The 32-year-old Vizquel, a defensive wizard who had collected Gold Gloves for his play at shortstop the last six seasons and would earn five more in his career, was enjoying his finest offensive season. He entered the day batting .325 and would finish the season with an .833 OPS, the only season of his career that he finished above .800.
On the second pitch of the at-bat, Vizquel popped a fly ball toward the right field corner that Michael Tucker had a bead on.
“Let’s check their bats. I thought it was a popup, a routine popup. I didn’t think a little guy could hit a low-and-away pitch like that,” Williamson said after the game.2 Vizquel almost concurred: “I didn’t hit it that well. But I saw Tucker running back and back. He was playing so shallow. I thought I would have had a good chance for a triple if it hit the wall. So I kept running until someone stopped me.”3
Tucker ran out of room, and the ball sailed just over the fence into the second or third row of the stands for a game-winning two-run home run. It was just Vizquel’s third homer of the season, and it sent the Indians off with an 11-10 victory. The Indians had trailed 3-0 in the second and 9-4 in the fifth, and were down to their last out in the ninth, but the 27th out proved too difficult for Williamson and the Reds.

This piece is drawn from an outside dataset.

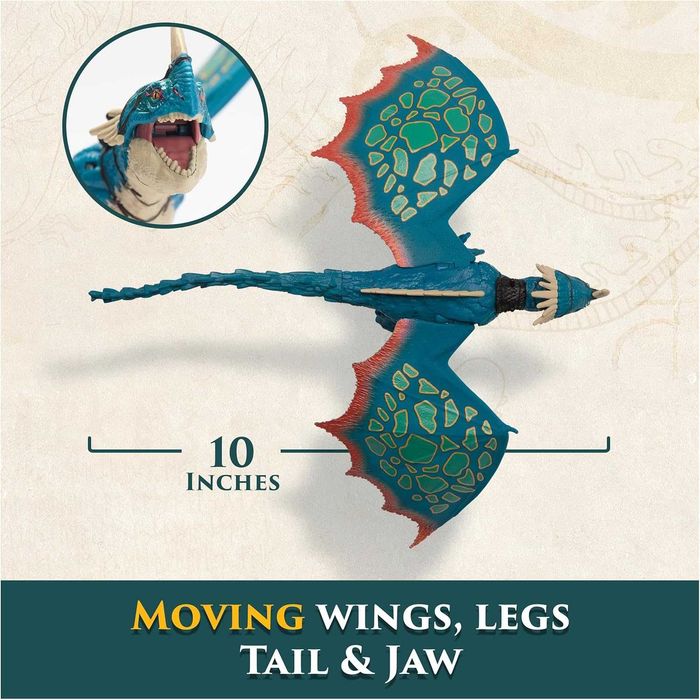 Dreamworks Dragons How to Train Your Dragon Deadly Nadder and Astrid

The Indians continued to put up gaudy offensive numbers in 1999, scoring 1,009 runs4 and winning 97 games en route to their fifth straight division title which they took by 21½ games over the second-place White Sox. Manny Ramirez hit 44 home runs and led the American League with 165 RBIs, setting a franchise record in the process. But the Indians fell to the Boston Red Sox in the American League Division Series, spelling the end of Hargrove’s nine-year run as Indians manager.
Candiotti would next start on July 23 at Yankee Stadium, allowing five runs before yielding in the second inning. It was the 410th and last start of his 16-year career.
The Reds’ own playoff hunt came up short in 1999; they finished 96-67 but trailed the Houston Astros by 1½ games in the National League Central Division.
The summer of 1999 bridged my freshman and sophomore years at Case Western Reserve University, and I took the opportunity to get paid to watch as much baseball as I could handle. I ushered nearly every game that season, taking the Red Line to the ballpark, and watched the ninth inning of this game kneeling just behind the Indians’ dugout on the third-base side. Tucker came so close to catching the ball that we all held our breath for a beat until it was apparent the ball had gone just over the wall. Then, pandemonium.
1 Chris Haft and John Fay, “Reds Report,” Cincinnati Enquirer, July 11, 1999: D5.
2 Sheldon Ocker, “Vizquel Vanquishes Reds,” Akron Beacon Journal, July 11, 1999: D1.
3 John Fay, “Small Vizquel Proves to Be Big-Time Player,” Cincinnati Enquirer, July 11, 1999: D5.
4 Only seven teams since 1901 have scored 1,000 runs and as of 2020 the 1999 Indians remain the only team since the 1950 Boston Red Sox to have done so.